Clara points out that the kids won’t want to be saved, they’ll want to be with their families. That Danny won’t leave the kids, and that she won’t leave humanity, she won’t become the last of her race. So she orders the Doctor to leave before the planet is destroyed. Meanwhile the nations of the world try and defoliate those flame… proof… trees…

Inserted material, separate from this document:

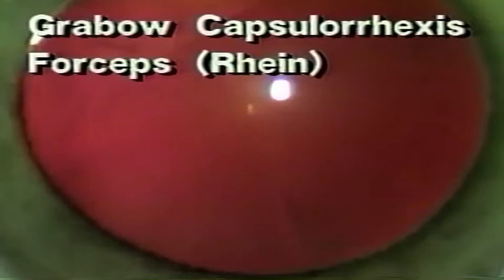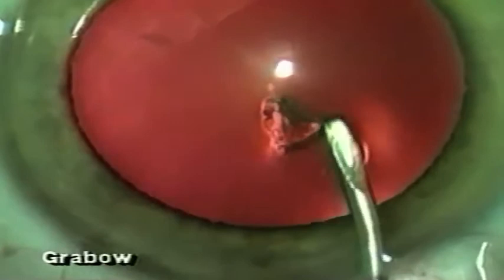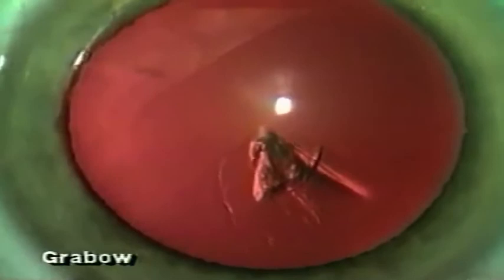It is August 1997 and I have recently had the privilege of developing a new capsulorexis forceps for my cases with Ryan Medical here in Florida. I begin the capsulorexis with a bent 25-gauge needle on the Helon syringe, making a starter radial incision in the capsule and turning it to the right in a counterclockwise direction.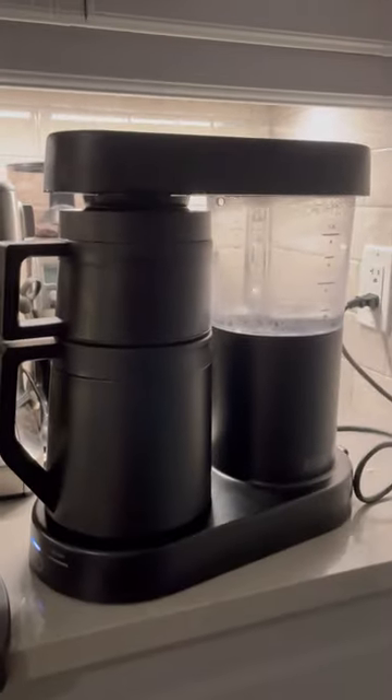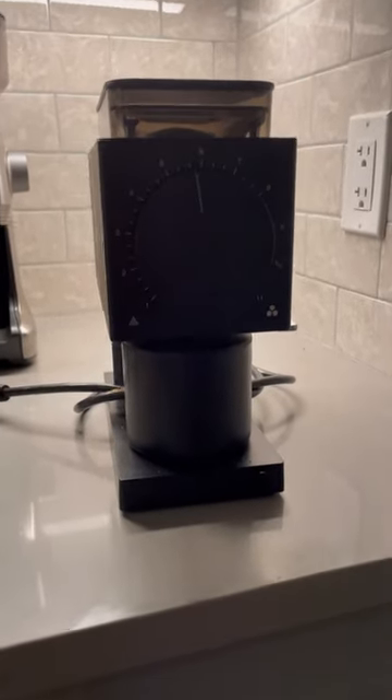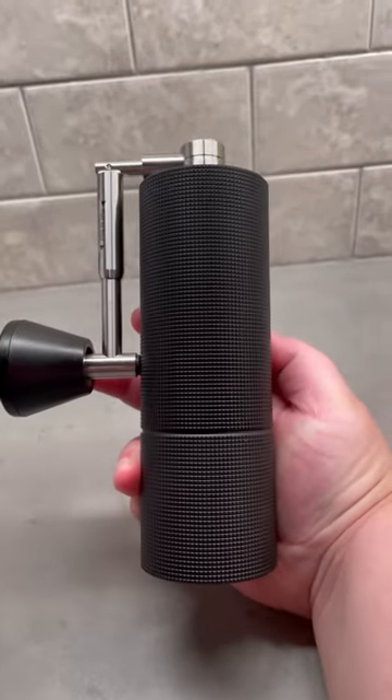Drip batch brew coffee is going to be the name of the game for the next week, so we brought the Ratio 6 paired with the Fellow Ode grinder. And because we're going to be outdoors a decent amount, I brought the Aeropress Go with the Timemore C3 hand grinder with that collapsible handle.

Just a minute! This could work out OK after all. Providing the trees are unharmed, the solar flare will be repelled by the extra oxygen from the new trees. The trees are forming a shield to save humanity! Let’s hope no one damages those… important… oxygen-creating… leaves…
HANG ON! We need to stop the humans damaging the trees. And there’s only one way to to that. Maeve constructs a message they can send to every phone on the planet, and she asks humanity to leave the trees alone. Job done! All that remains is a trip to space to see everything happen, although no one wants to go apart from the Doctor and Clara (who has totally just snogged Danny in front of the kids).
Out in space, they watch as the solar flare fails to burn the planet to a crisp, and so does Missy (remember Missy?). Then, back in Clara’s flat, they watch as all the trees disappear, ready for the next moment of threat from on high.
Outside Maeve’s house, the last bush to vanish reveals her lost sister, waiting on the doorstep.